Scraped caption text data
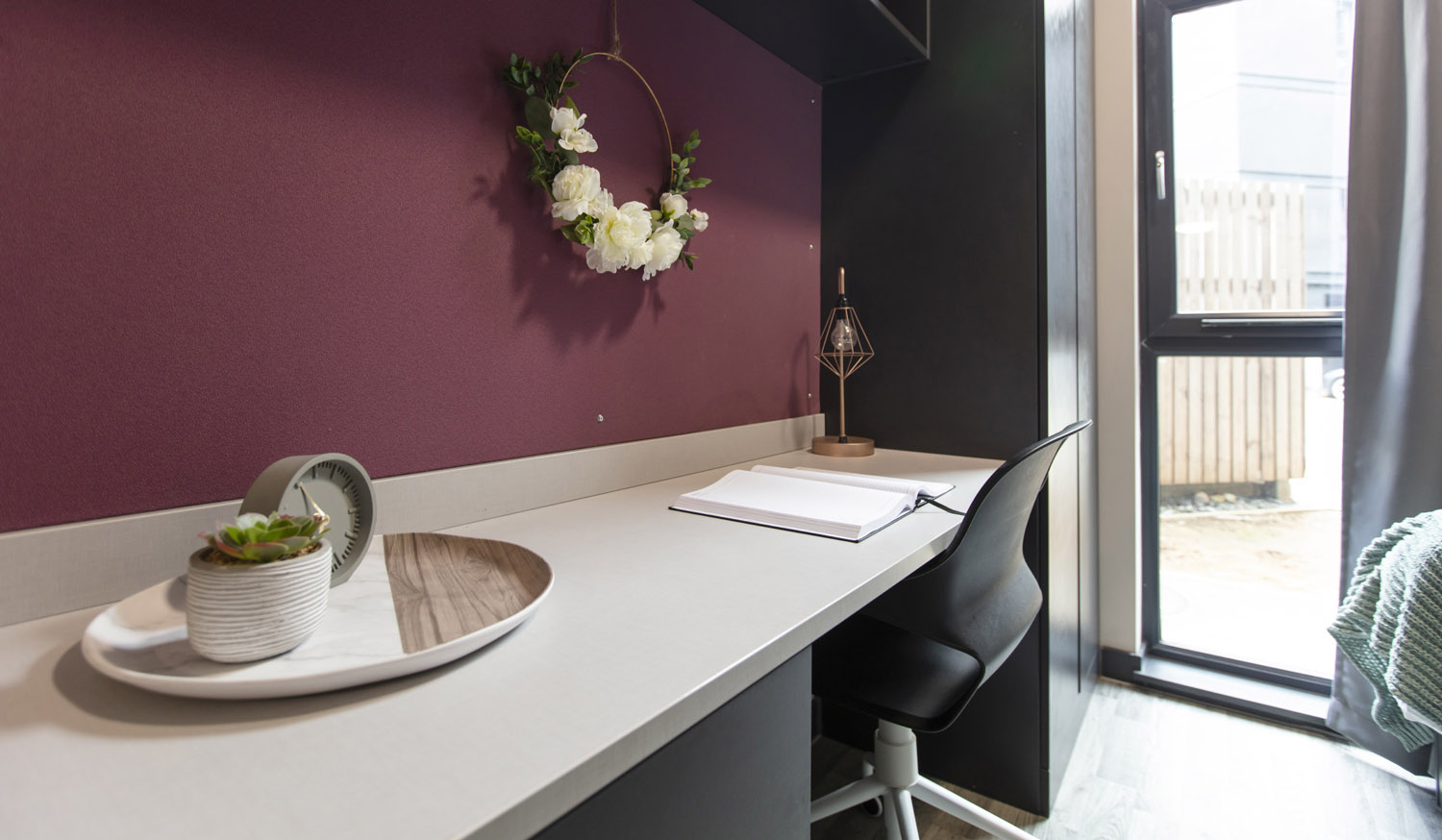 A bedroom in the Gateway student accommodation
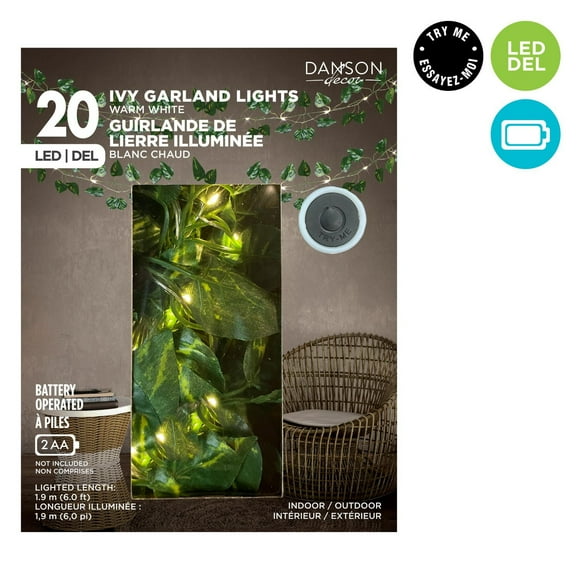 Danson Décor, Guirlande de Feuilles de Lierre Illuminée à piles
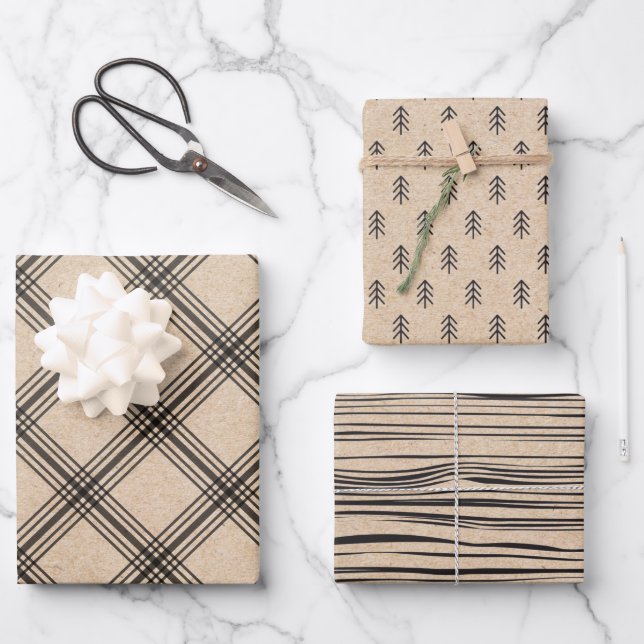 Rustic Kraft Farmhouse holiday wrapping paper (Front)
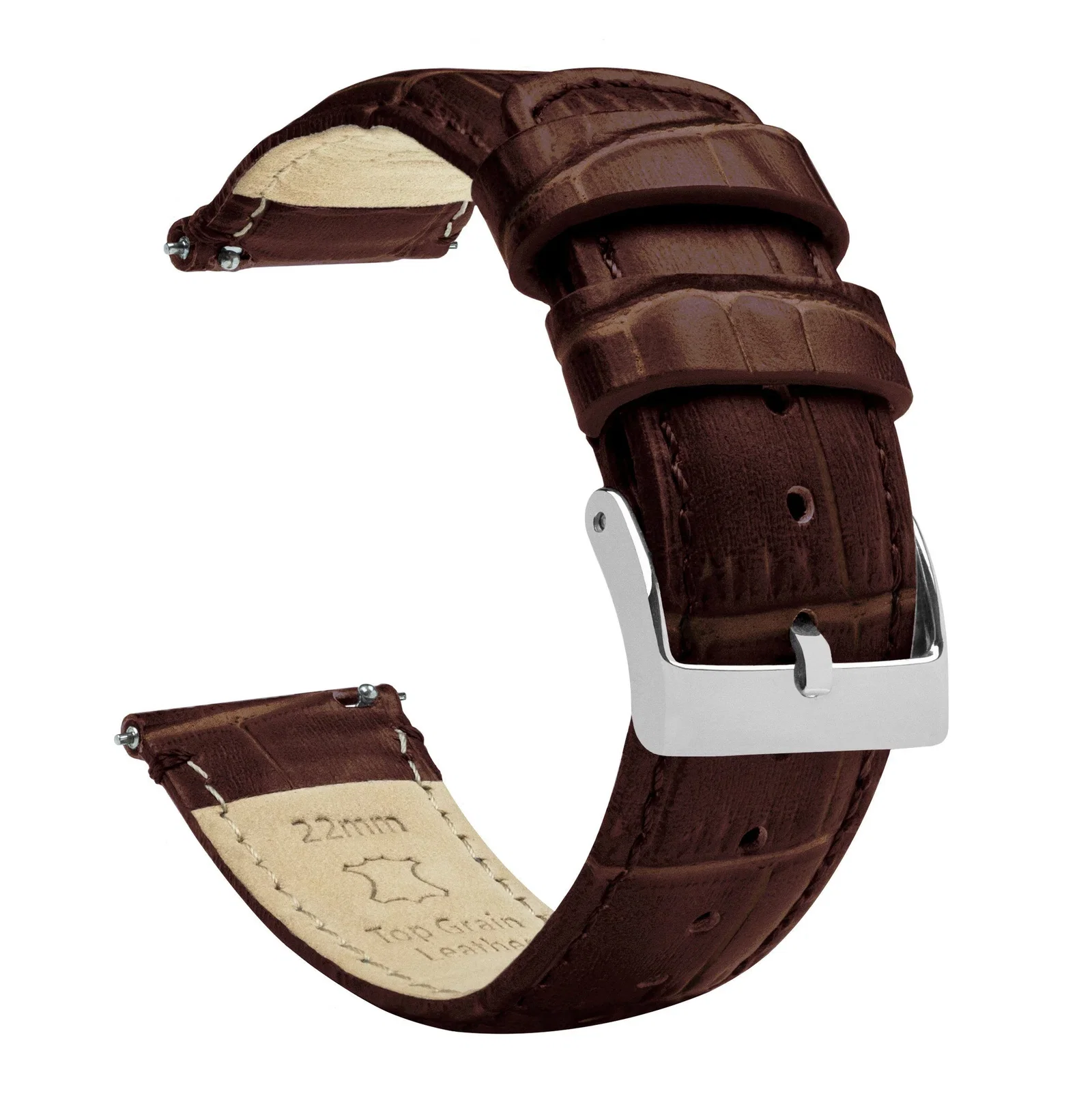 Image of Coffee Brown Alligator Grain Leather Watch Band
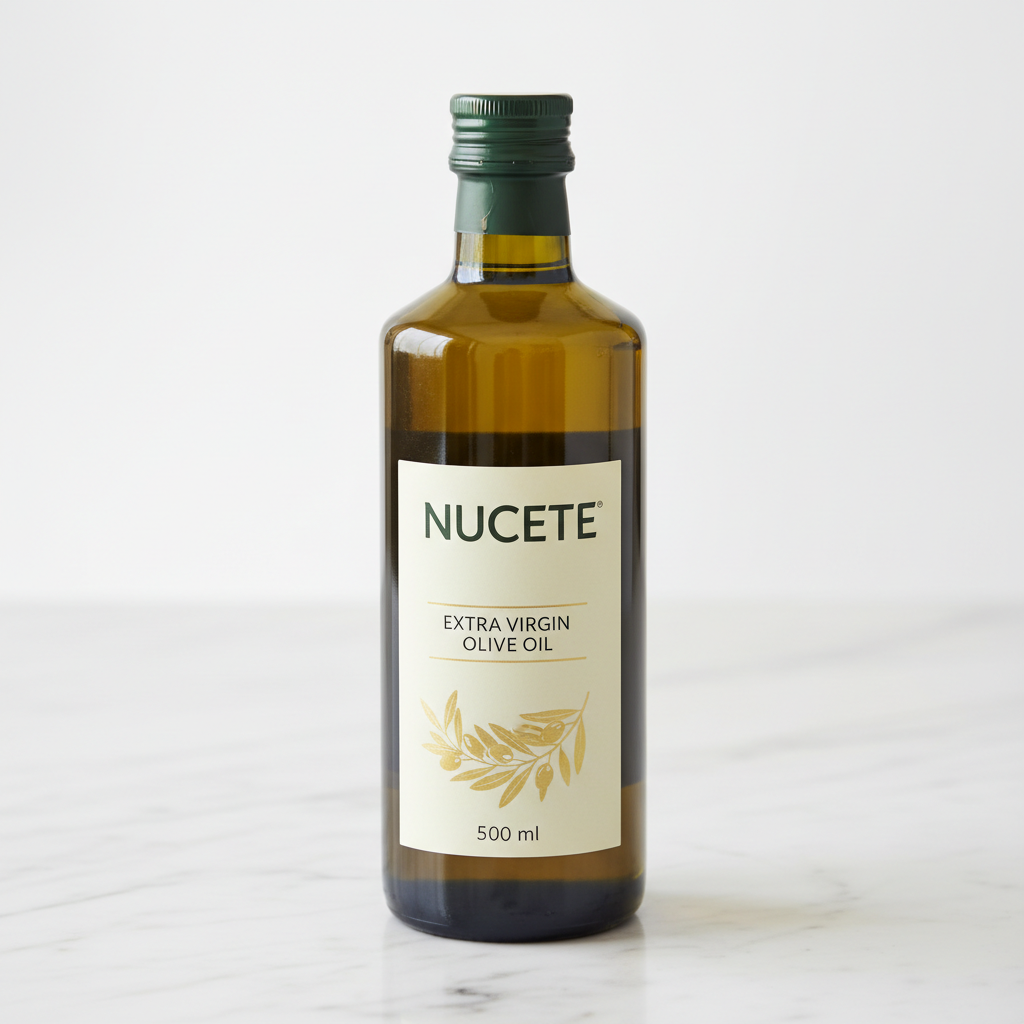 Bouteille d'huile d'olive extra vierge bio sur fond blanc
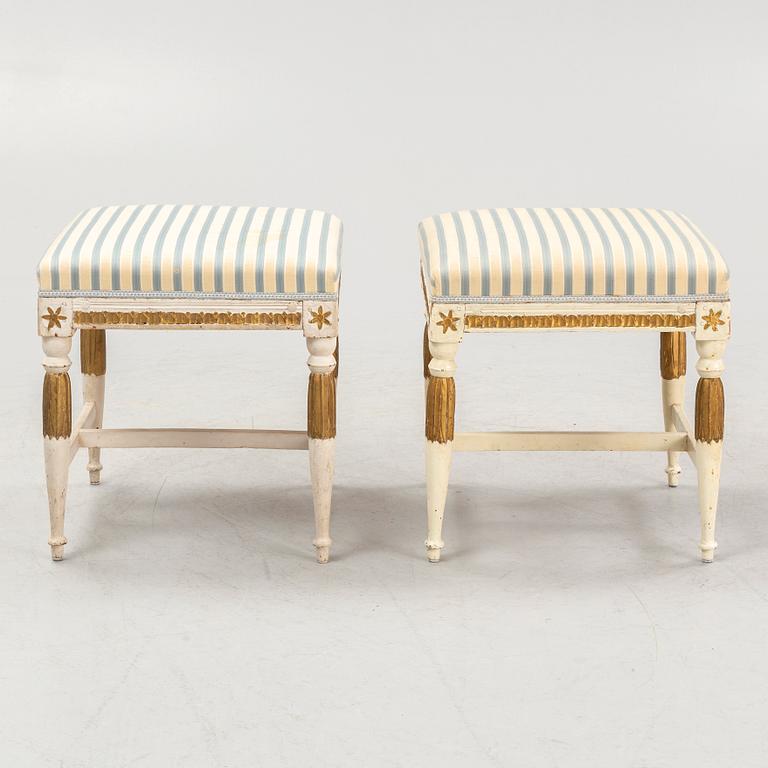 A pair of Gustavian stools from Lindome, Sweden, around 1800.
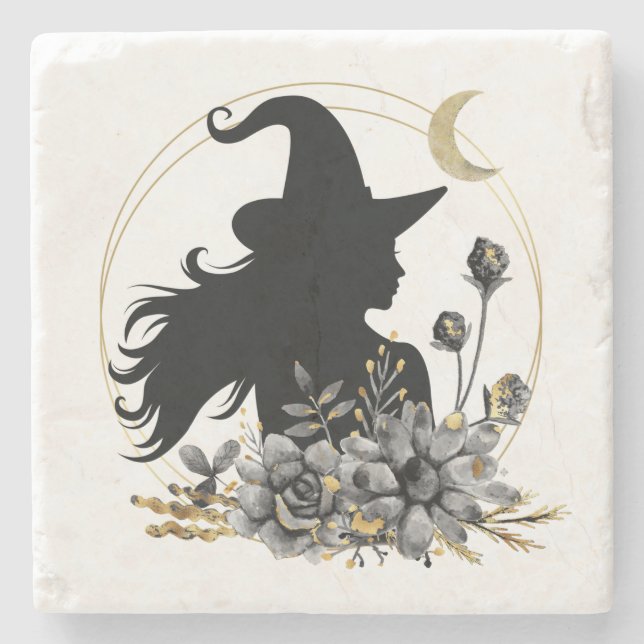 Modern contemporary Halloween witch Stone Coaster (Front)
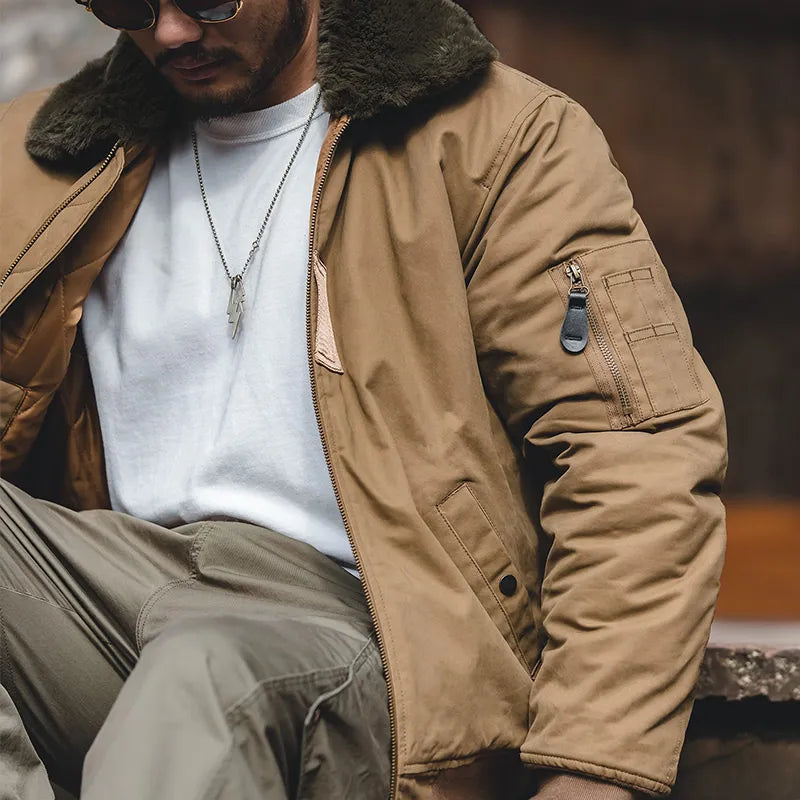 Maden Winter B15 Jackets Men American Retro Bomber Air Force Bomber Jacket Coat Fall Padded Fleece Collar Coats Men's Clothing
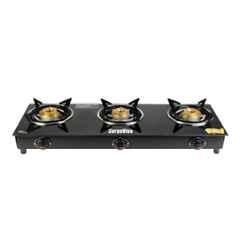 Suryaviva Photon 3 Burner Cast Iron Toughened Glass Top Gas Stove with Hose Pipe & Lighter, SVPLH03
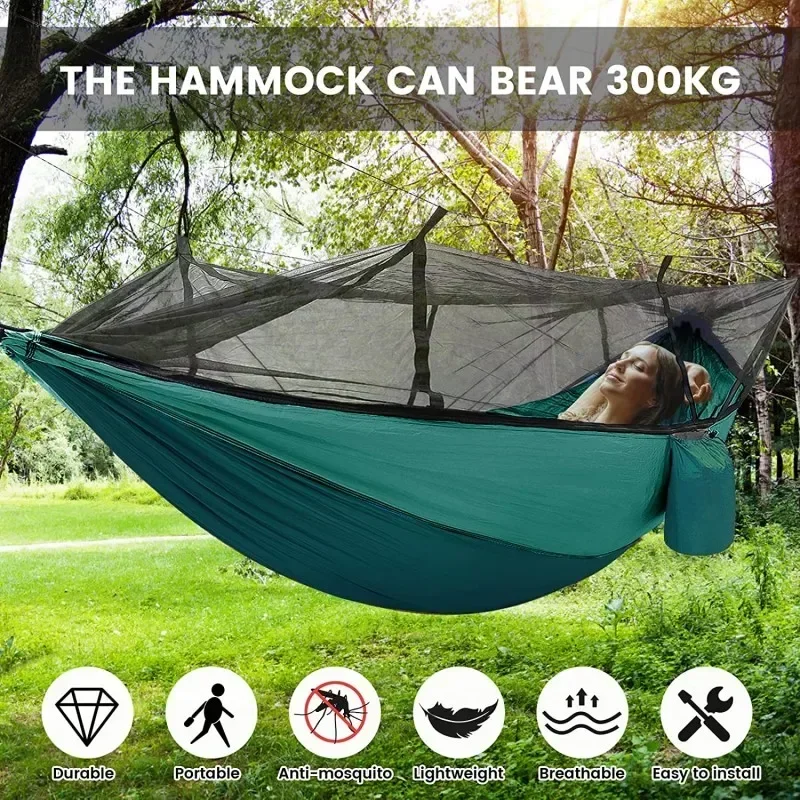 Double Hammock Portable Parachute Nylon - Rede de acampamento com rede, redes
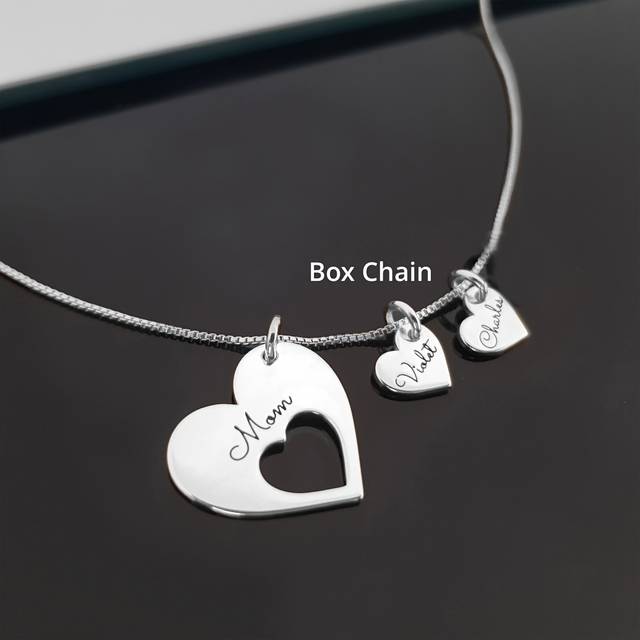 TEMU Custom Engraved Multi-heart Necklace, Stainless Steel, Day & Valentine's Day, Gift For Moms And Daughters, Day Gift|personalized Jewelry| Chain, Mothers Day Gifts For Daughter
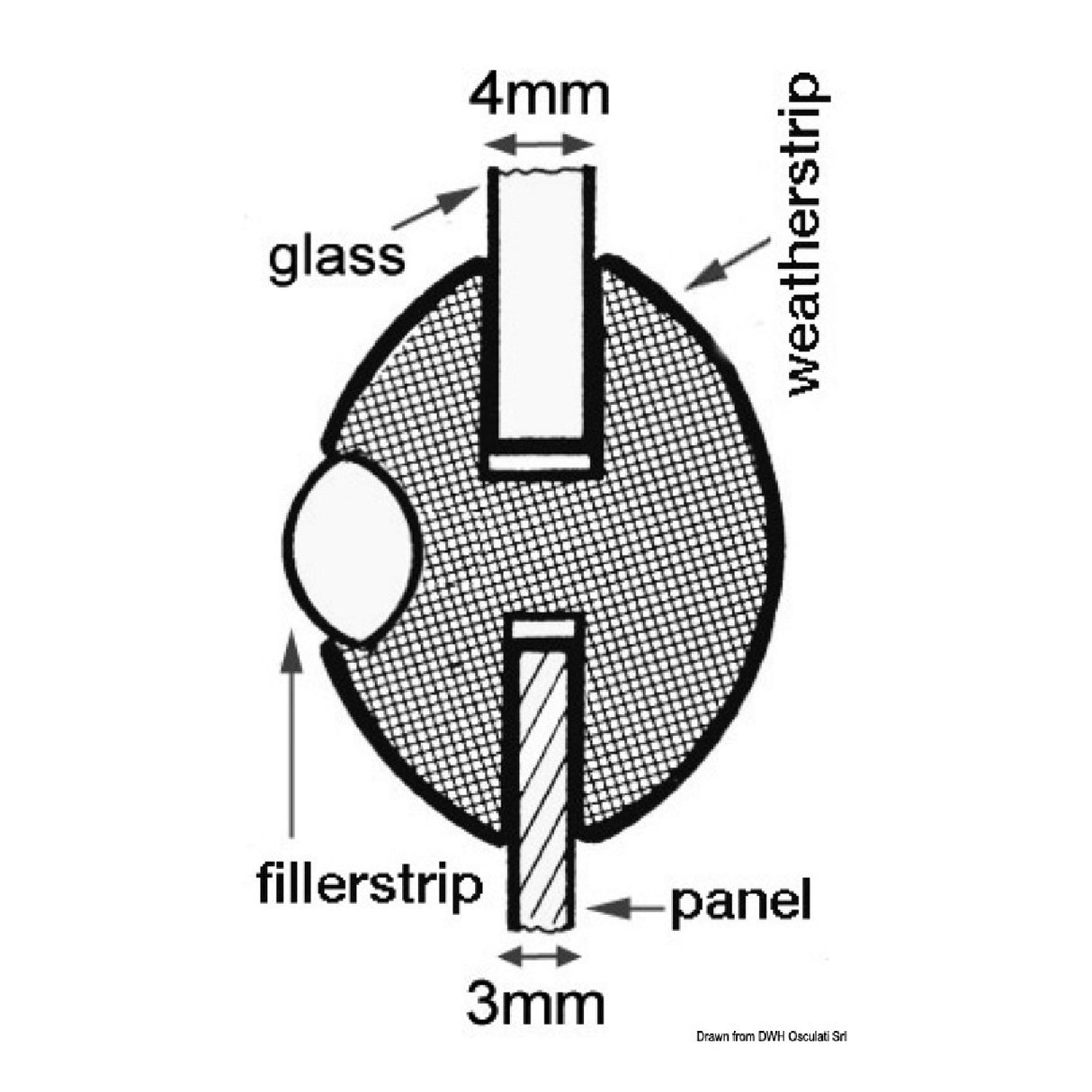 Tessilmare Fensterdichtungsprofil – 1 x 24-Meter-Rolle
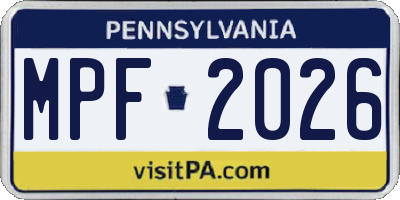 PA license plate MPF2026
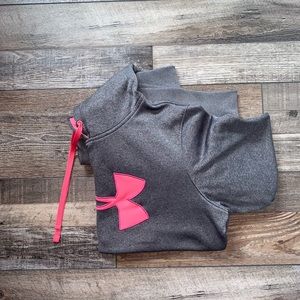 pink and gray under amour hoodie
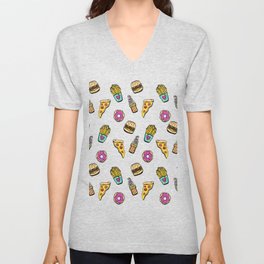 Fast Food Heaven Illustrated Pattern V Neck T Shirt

» TASK STATEMENT:
To answer, repeat exactly the lines from the line containing "Tessilmare Fensterdichtungsprofil –" through the last line of the data above, leaving out all pictures.

» RESPONSE TO THE TASK:
 Tessilmare Fensterdichtungsprofil – 1 x 24-Meter-Rolle
 PA license plate MPF2026
 pink and gray under amour hoodie
 Fast Food Heaven Illustrated Pattern V Neck T Shirt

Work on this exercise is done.